* Exercise description: The listing below is to be duplicated exactly, with every picture omitted.

* Records for this task:
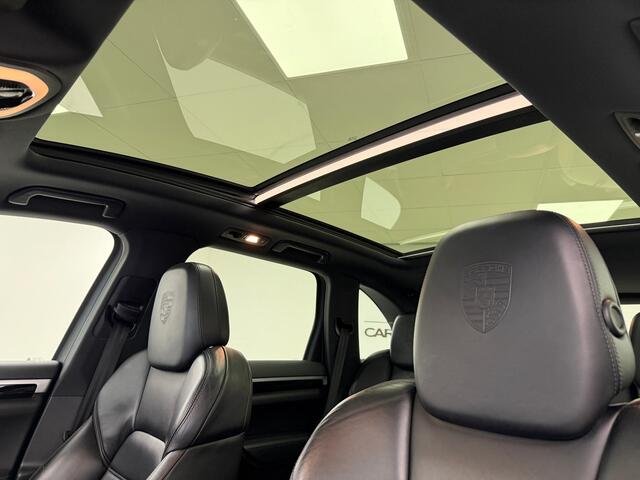 Porsche CAYENNE 3.0 S E-Hybrid Platinum Edition | Dealer ond. | Org. NL | Luchtvering | Trekhaak |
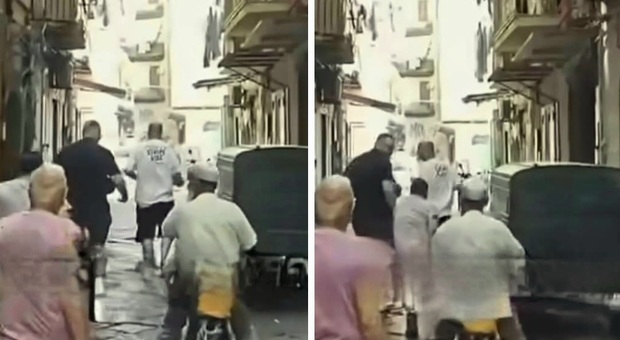  Napoli, scippo sventato da una scivolata: il video 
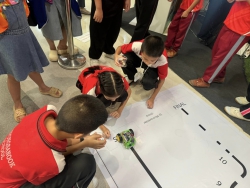 20240320065213.jpg - มอบเกียรติบัตรให้กับนักเรียนที่ได้รับรางวัลชมเชย จากการแข่งขัน Robot Contest ภายใต้โครงการอุตสาหกรรมแฟร์ ”Lampang Industrial Fair” ระดับประถมศึกษา | https://www.pongsanook.ac.th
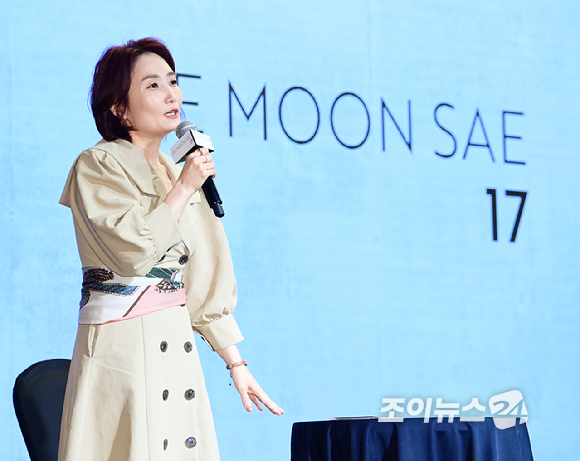 방송인 박경림이 13일 오후 서울 마포구 스탠포드호텔에서 열린 이문세 정규 17집 선공개 곡 발표 제작발표회에 MC로 참석하고 있다. [사진=정소희 기자]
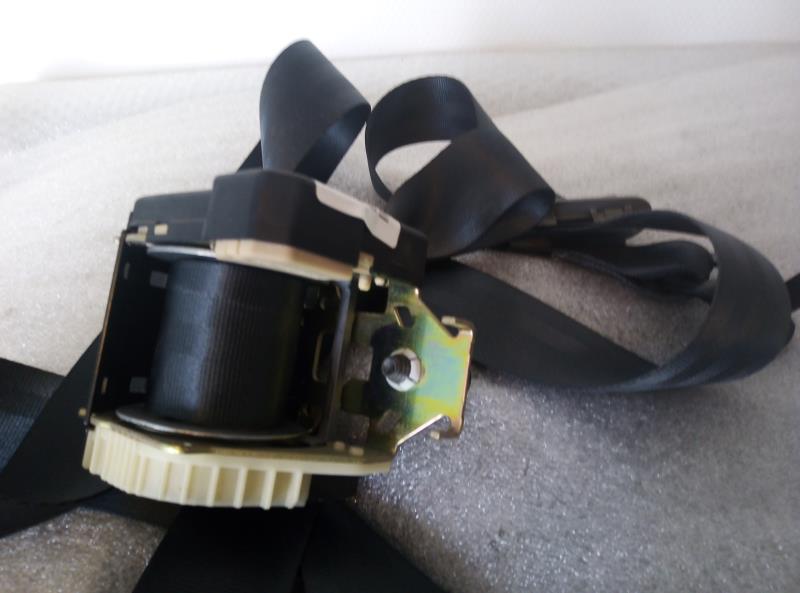 Ceinture avant gauche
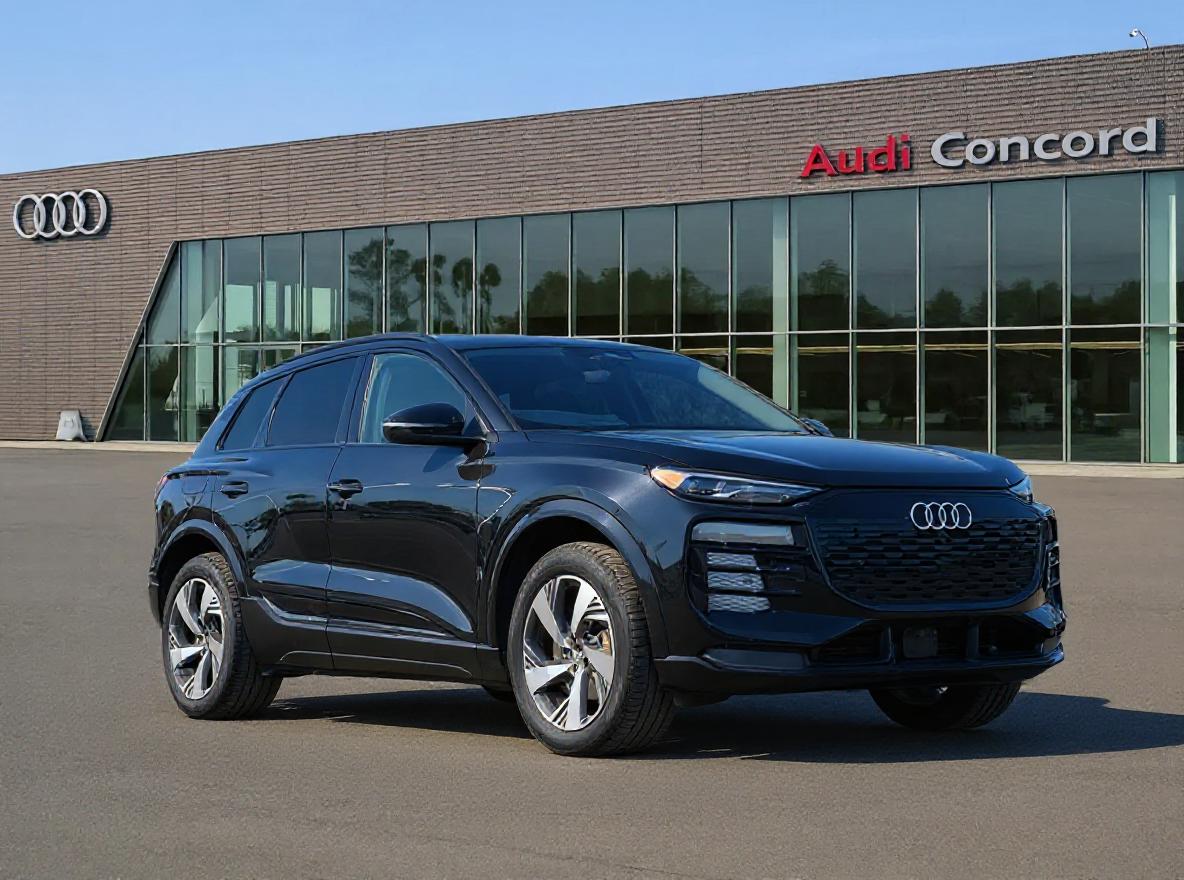 2025 Audi Q6 e-tron Premium quattro's photo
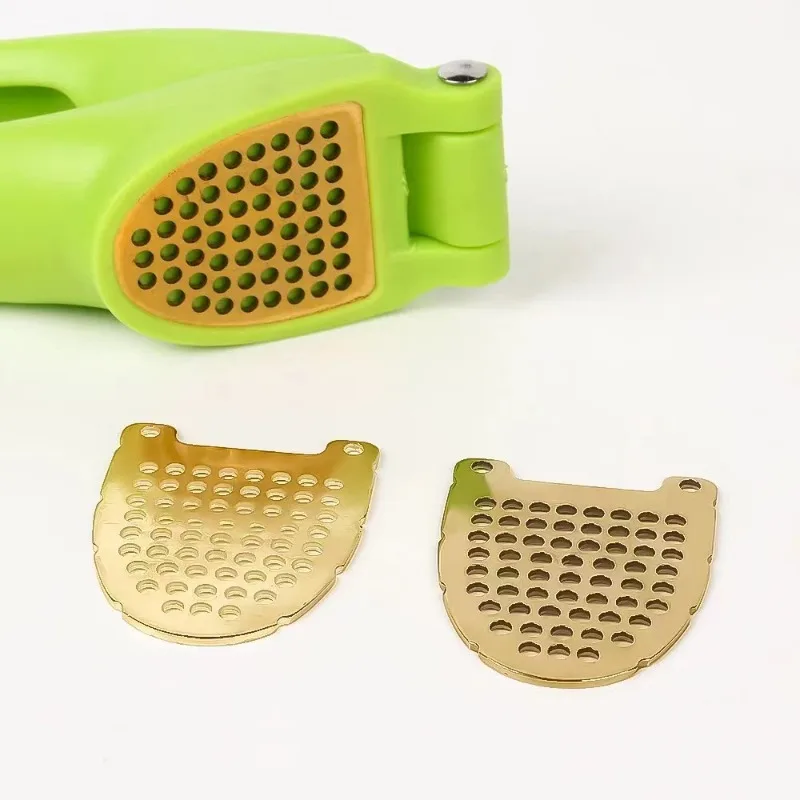 Garlic Press Safe Presser Masher Ginger Crusher with Ergonomic Handle Professional Mincer Tool Manual Kitchen Gadget
Garlic Press Safe Presser Masher Ginger Crusher with Ergonomic Handle Professional Mincer Tool Manual Kitchen Gadget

* Answer for the task:
 Porsche CAYENNE 3.0 S E-Hybrid Platinum Edition | Dealer ond. | Org. NL | Luchtvering | Trekhaak |
  Napoli, scippo sventato da una scivolata: il video 
 20240320065213.jpg - มอบเกียรติบัตรให้กับนักเรียนที่ได้รับรางวัลชมเชย จากการแข่งขัน Robot Contest ภายใต้โครงการอุตสาหกรรมแฟร์ ”Lampang Industrial Fair” ระดับประถมศึกษา | https://www.pongsanook.ac.th
 방송인 박경림이 13일 오후 서울 마포구 스탠포드호텔에서 열린 이문세 정규 17집 선공개 곡 발표 제작발표회에 MC로 참석하고 있다. [사진=정소희 기자]
 Ceinture avant gauche
 2025 Audi Q6 e-tron Premium quattro's photo
 Garlic Press Safe Presser Masher Ginger Crusher with Ergonomic Handle Professional Mincer Tool Manual Kitchen Gadget
Garlic Press Safe Presser Masher Ginger Crusher with Ergonomic Handle Professional Mincer Tool Manual Kitchen Gadget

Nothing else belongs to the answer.